今回の番組の内容をざっくりとまとめるとこんな感じだったかと思います。

・いじめが原因で学校に行けなくなっても甘えじゃない
・学校に行きたくない子にはどういう兆候がでるか
・不登校の子たちの新しいあり方としてフリースクールやホームスクーリングがある
・フリースクールやホームスクーリングを実施している人へのインタビュー
・不登校は一つの生き方だ

今回の番組について僕の見解をあらかじめ述べておくと、
①不登校の実態はもっと多様で複雑で、番組ではそのうちの一部の輝かしい部分にスポットが当たっている
②ただ、今の日本の不登校理解状況ではこの放送内容で意義があった

という二点になります。

それぞれについて少し詳しく書いてみます。

「番組への人々の反応」と「不登校の実態」

今回の番組に関して、twitterでは当事者の保護者さんから「不登校の実態はこれが全てじゃない」という声が目立っているように感じます。

様々な意見がありますが、

・フリースクールやホームスクーリングできるのはごく一部
・不登校の原因はいじめなどのスクールカーストだけではない
・成功体験を取り上げていたが、実態はそういうものばかりじゃない

といったものが多い印象でした。

これは的を得ていて、番組でも述べられていましたが、不登校の子どものうちフリースクールに通っている子どもはわずか3%ほどと言われています。
ホームスクーリングがちゃんとできるのはある程度金銭的・時間的余裕がある家庭で、共働き家庭ではなかなか余裕がないのもまた事実です。

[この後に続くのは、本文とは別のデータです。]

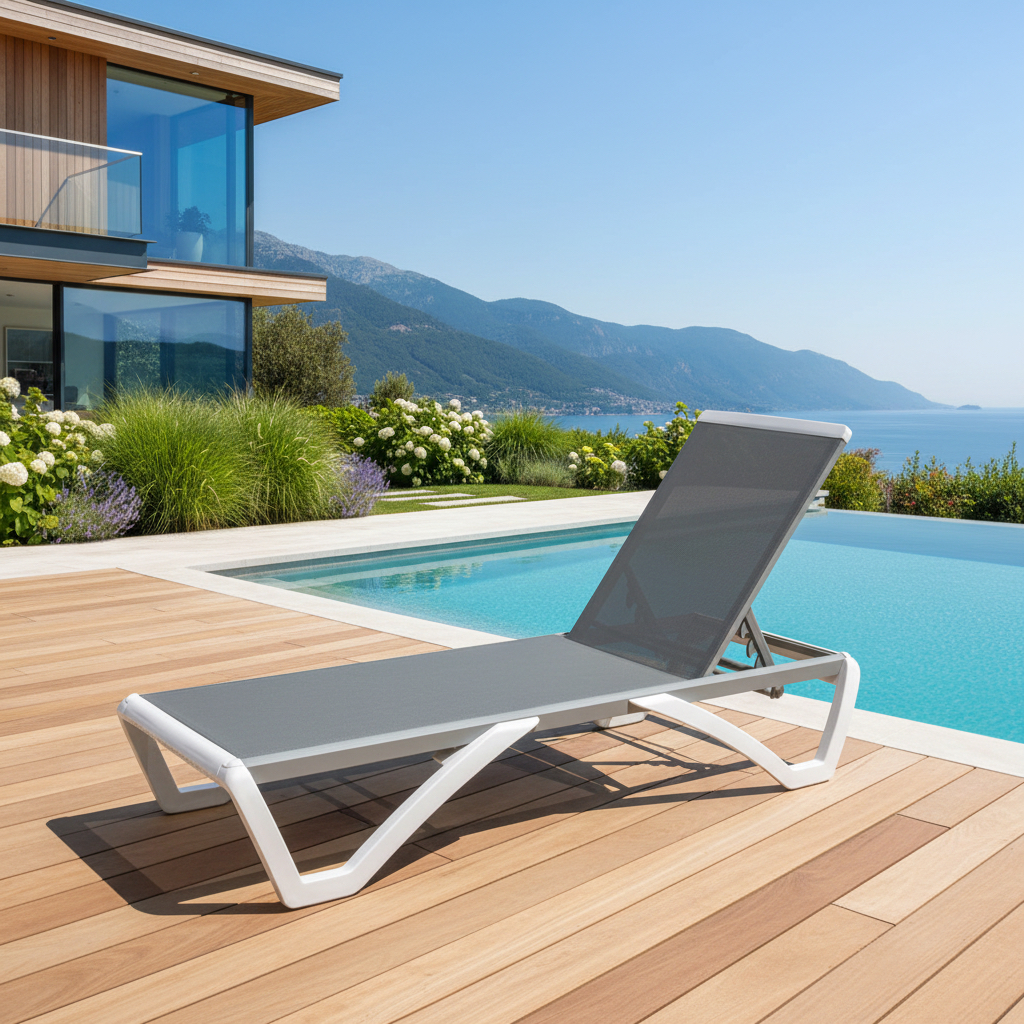 Шезлонг Stylish Patio LLDZ0531 графит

不登校の原因もいじめが全てではなく、発達の特性が集団と合わなかったり、先生との相性がよくなかったり、病気がきっかけだったり、多様かつ複合的です。

また不登校の状態として、学校に行く/学校に行かない/フリースクールに行く、ときっぱりと線引きできるものではありません。
①行き渋りが始まり、
②部屋に引きこもったり登校拒否が本格化し、
③徐々にエネルギーが溜まっていき、
④最終的にフリースクールなど「外の居場所」に行くようになります。
こうしたフェーズは人によって期間・深刻度はバラバラで、そのフェーズを行ったり来たりすることもあります

何が言いたいかというと、今回の世界一受けたい授業は、最終的な「活動期」にスポットを当てた番組構成で、そこに至るまでの苦悩の過程を飛ばしていたので、実際にその前のフェーズのまさに一番苦しい過程にある保護者さんたちからは「そんなキラキラしたものばかりじゃない」という声が上がったのだろうと思います。

誰が間違っているというわけではなく、不登校とはとても多様で複雑でかつ繊細なトピックなのだと思います。


「日本の不登校理解」と「番組の役割」

では今回の番組で、そこまで踏み込むべきだったか?というと、番組の尺やバラエティという性質、そして何よりも日本の不登校理解の現状を考えると今回のやり方がベターだったのではないかと思います。

というのも、今回の番組で一番伝えたかった観点は、

「不登校は甘えでなく、生き方の一つである」

だったと思っています。


この考え方は不登校当事者や関係者からすると当たり前なのですが、日本社会の理解はまだまだ追いついていないのが実態ではないでしょうか。

まだまだ「学校は行かなきゃいけないもの」「不登校はダメな生き方」という考えを持ってる人も多いはず。

だからそういう考えを変えていかないことには、「この問題の根っこはどこにあって、本当に何が必要なのか」を社会が考えるに至りません

一番の苦しみの渦中にいる当事者の方たちにとっては口惜しいかもしれませんが、「不登校って本当は悪くないんだよ」と伝える番組の主張自体は今の日本を主語に置いた時には必要なことだったのではないでしょうか。


一人でも多くの人がこの問題を知り、これからを考えていくために

このように不登校の子は、フリースクール行ってる子もいれば、ずっと家にいる子もいれば、適応教室や保健室登校や放課後等デイサービスを組み合わせてる子もいる。
まだ知らない実態もあるんだと思います。

そういう多様な実態に対応できる『パラレル・ラーニング』的な社会ソリューションがもっともっと必要なんじゃないかと感じています。
実態は家にいて外に出るのが難しい子の方が多いわけで、そこになんとかアプローチできる手段を探っていきたいと思っています。

そうしたソリューションになっていけるように、今僕がやっている夢中教室WOW!も、学校が合わない子がオンラインで自分の好きなことを学ぶことを通じて「人生は面白い」と感じてもらえるプログラムをつくっています。
これから、もっともっと色んな機会をつくっていきたいという思いがさらに強まりました。

日本の社会が「不登校」をちゃんと理解し、何が必要なのかを考えていける社会になってくれたらと思います。
これは教育機会の穴であり、本来無償で大人が提供する義務がある義務教育が行き届いていない現状であります

この現状をどうやって変えていけるか、もっともっと社会全体で考えていけるように、微力ですがこれからも発信を続けていきたいと思います。


そして、きっとこうしたマイノリティがゆえに理解されずに苦しんでいるのは不登校だけでなく、セクシャルマイノリティや発達障害がある人、外国にルーツをもつ人など、様々なところでいるはず

そうしたマイノリティの人たちを理解しようとし、自分は何ができるか考え、できることをやっていく。

そうしたちょっと優しさを人々が持てるようになったとき、ちょっとずつ社会はグラデーションのように良くなっていくのではないでしょうか。